On the average night in America, about four out of every ten hotel rooms are empty and generate no revenue. Naturally, a hotel manager is often glad to sell his excess inventory at heavily discounted prices rather than let the rooms remain empty. And as the name implies, hotel consolidators act as centralized clearing houses for many of those unsold rooms.

But since consolidators essentially deal in surplus inventory, business travelers must often be prepared to compromise. For example, only two consolidators--Quikbook (800-789-9887) and The Hotel Reservations Network (800-964-6835)--offer anything like a nationwide network of discounts. Most others offer discounts only in one city: there is Hot Rooms (800-468-3500) in Chicago; Capitol Reservations (800-847-4832) in and around Washington; Meegan Hotel Reservations Services (800-332-3026) in Boston; and San Francisco Reservations (800-677-1550) for rooms here in the Bay Area. Express Reservations (800-356-1123) offers discounts on hotel rooms in New York and Los Angeles.

But geographically challenged as they may be, consolidators will save you money. A case in point: rooms at Sheraton New York, a popular, recently renovated business hotel in midtown Manhattan.

A recent advertisement in The Wall Street Journal promised accommodations at the Sheraton New York for as low as $179 per night. The rate was "based on availability," however, and we weren't one of the lucky ones when we attempted to book for the nights of December 12 and 13. The lowest price offered by the Sheraton chain's national reservation service (800-325-3535) was $209 per night. When we called directly to the Sheraton New York's reservation desk (212-581-1000), the clerk couldn't find a nightly rate lower than $239!

We were much luckier when we called the Hotel Reservation Network. For the night of December 12, for instance, HRN offered a room at the Sheraton New York for $195; the rate dropped to $155 for the night of December 13. But we hit the savings jackpot with Quikbook: they confirmed rooms at the Sheraton New York on December 12 and 13 for just $135 a night!

Our experience with reservations for the Sheraton New York was not unique; more than a dozen tests this year confirm that consolidators, especially Quikbook, consistently offered the lowest prices for hotels in major business cities. But one word of caution: consolidators have different policies concerning payments and cancellations. Make sure you ask about these policies, and are comfortable with them, before doing business with any consolidator.

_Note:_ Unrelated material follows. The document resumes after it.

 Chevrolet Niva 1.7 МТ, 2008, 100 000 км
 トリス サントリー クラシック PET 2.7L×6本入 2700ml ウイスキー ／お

Companies continue to trim the perks for their business travelers, according to a new survey conducted by American Express. The number of travelers allowed to fly in business class on international flights has declined to 31 percent, down from 34 percent in 1992. ... The Ritz-Carlton San Francisco on Nob Hill (296-7465) has placed irons and ironing boards in all 336 guest rooms. ... Hertz and Avis are squabbling in federal court over the Avis "Return Valet" service. Avis says the service involves employees individually escorting renters to their airport terminal rather than busing them en masse from the car-return lot. Hertz claims "that service is largely a fiction" and is not permitted at most major airports.